▶ _GOAL OF THE EXERCISE_:
Write out again the lines from the line with "Book cover of" up to and including the line with "Silver 2020 Buick Encore Preferred", exactly as they stand below, and skip any picture.

▶ _INPUT MATERIAL_:
*** Block opens ***
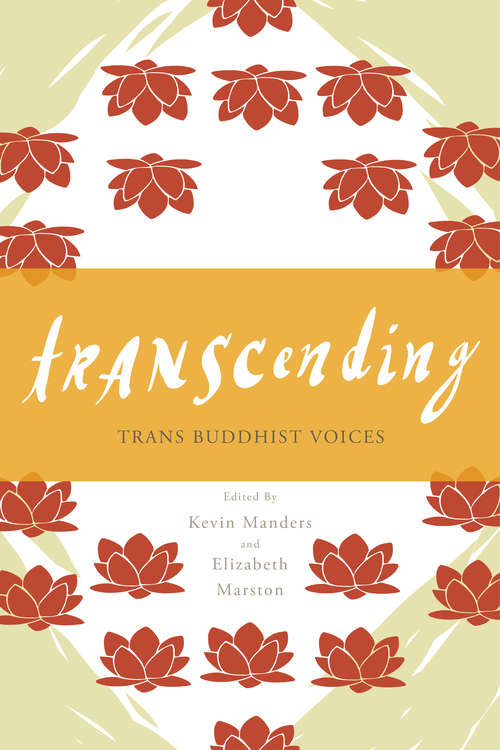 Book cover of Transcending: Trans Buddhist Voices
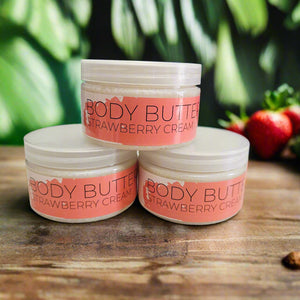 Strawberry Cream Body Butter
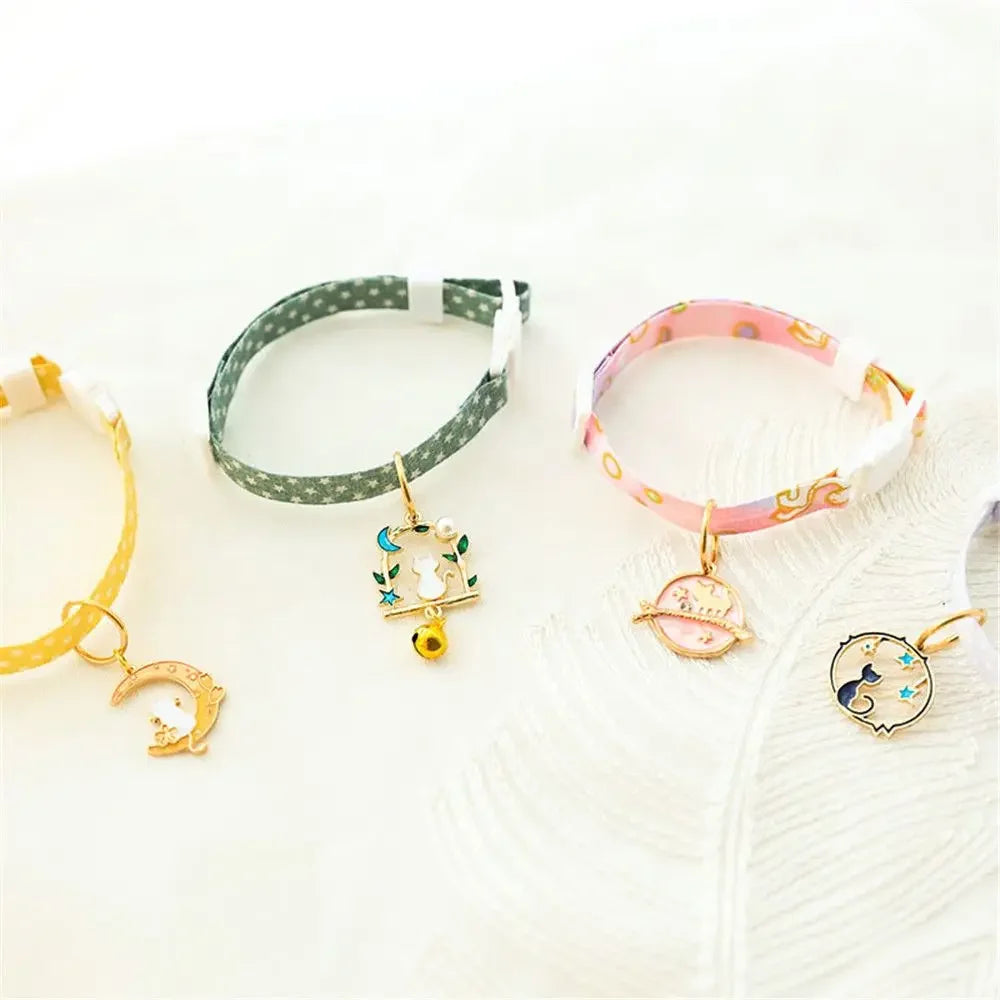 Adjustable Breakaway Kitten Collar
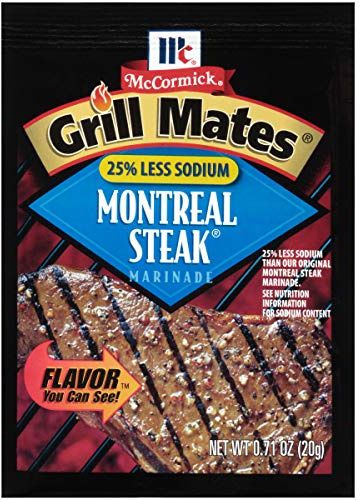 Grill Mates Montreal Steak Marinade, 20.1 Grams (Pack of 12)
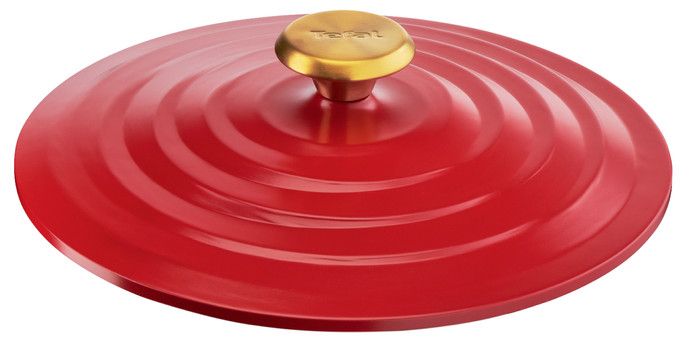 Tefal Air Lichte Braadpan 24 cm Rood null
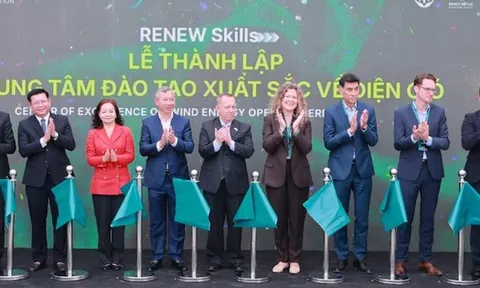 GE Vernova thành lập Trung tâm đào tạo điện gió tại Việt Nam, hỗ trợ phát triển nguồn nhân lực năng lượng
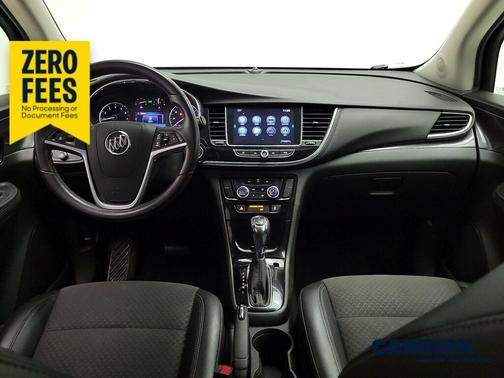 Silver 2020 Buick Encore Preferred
*** Block closes ***
*** Block opens ***
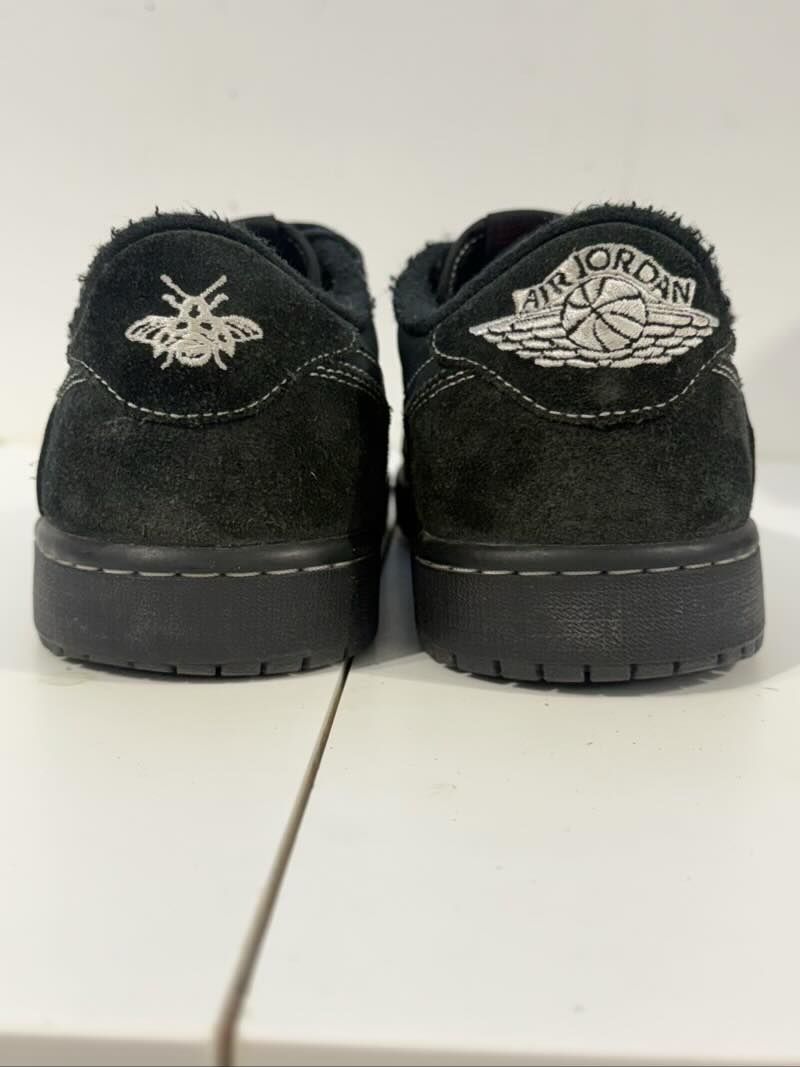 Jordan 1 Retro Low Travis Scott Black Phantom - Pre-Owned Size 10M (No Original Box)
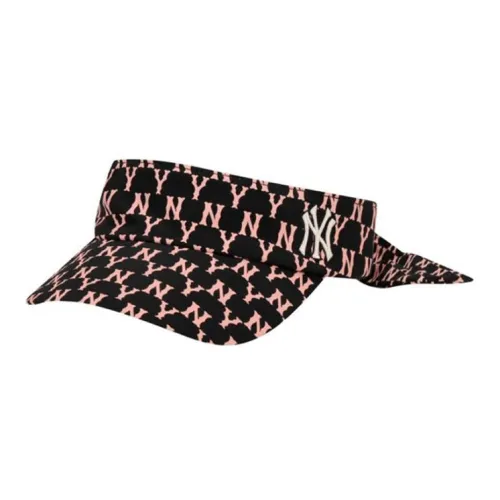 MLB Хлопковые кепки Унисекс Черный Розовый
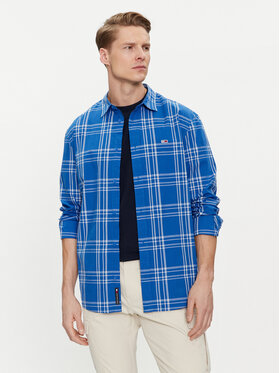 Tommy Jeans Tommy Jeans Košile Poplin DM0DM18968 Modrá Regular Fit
*** Block closes ***
▶ _TASK ANSWER_:
 Book cover of Transcending: Trans Buddhist Voices
 Strawberry Cream Body Butter
 Adjustable Breakaway Kitten Collar
 Grill Mates Montreal Steak Marinade, 20.1 Grams (Pack of 12)
 Tefal Air Lichte Braadpan 24 cm Rood null
 GE Vernova thành lập Trung tâm đào tạo điện gió tại Việt Nam, hỗ trợ phát triển nguồn nhân lực năng lượng
 Silver 2020 Buick Encore Preferred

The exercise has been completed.